/ 22 March 2005

University’s crash tests all too real

Austrian authorities are investigating whether a university committed a crime when it used corpses as part of research to develop better crash-test dummies, a prosecutor said on Tuesday.

Horst Sigl, a prosecutor in the southern city of Graz, said authorities suspect that researchers at the Technical University of Graz might have violated the dignity of the dead by using bodies in tests.

”The core of the problem is whether those used in the tests or their relatives gave permission,” he said in a telephone interview.

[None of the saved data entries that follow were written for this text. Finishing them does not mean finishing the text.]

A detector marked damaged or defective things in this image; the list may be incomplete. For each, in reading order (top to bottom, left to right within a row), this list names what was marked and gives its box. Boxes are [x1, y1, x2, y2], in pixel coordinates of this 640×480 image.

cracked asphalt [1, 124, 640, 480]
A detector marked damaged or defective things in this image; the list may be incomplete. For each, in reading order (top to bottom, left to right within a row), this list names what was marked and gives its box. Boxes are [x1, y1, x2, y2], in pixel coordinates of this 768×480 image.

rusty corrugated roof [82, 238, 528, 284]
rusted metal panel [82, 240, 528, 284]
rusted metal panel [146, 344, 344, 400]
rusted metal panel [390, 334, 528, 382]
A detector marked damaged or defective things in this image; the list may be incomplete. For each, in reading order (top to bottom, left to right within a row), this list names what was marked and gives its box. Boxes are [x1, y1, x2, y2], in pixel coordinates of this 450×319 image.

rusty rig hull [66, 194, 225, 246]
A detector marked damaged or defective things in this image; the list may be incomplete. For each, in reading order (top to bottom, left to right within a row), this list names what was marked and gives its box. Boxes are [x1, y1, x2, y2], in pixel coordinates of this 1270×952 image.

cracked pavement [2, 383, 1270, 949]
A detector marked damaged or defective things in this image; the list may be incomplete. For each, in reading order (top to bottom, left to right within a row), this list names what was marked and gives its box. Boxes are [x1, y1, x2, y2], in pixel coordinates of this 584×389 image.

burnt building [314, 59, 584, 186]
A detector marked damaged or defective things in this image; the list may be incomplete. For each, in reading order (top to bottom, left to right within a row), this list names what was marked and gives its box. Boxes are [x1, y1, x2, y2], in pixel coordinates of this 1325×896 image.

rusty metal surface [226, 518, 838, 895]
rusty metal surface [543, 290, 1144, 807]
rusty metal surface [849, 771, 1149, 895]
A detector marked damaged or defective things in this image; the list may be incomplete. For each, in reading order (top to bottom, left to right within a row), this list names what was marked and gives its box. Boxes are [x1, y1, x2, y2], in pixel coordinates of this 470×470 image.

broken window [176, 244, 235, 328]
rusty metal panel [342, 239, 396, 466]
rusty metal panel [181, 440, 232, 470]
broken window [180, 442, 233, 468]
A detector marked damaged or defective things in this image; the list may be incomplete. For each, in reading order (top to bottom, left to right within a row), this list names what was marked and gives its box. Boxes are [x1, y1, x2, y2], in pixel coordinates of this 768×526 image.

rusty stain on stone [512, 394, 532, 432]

The researchers used 21 bodies provided by the Medical University in Graz for tests performed between 1994 and 2003, said Alice Senarclens de Grancy, a spokesperson for the Technical University. The Medical University did not immediately return a phone call requesting comment.

Anyone convicted in the case could face imprisonment for up to six months or a fine, Sigl said, adding that the preliminary investigation likely will be finished in about a month.

Senarclens de Grancy rejected any suggestion that the dignity of the dead could have been disturbed in the tests, saying they were carried out under strict ethical standards.

”It’s not in any way a crash test as you might think about it,” she said. ”There is no car, there is no wall.”

During the tests, the bodies were placed in seats that moved with speeds up to 15kph before being stopped in an effort to simulate a rear-end collision. Scientists observed how the bodies’ vertebrae, upper bodies and backs moved.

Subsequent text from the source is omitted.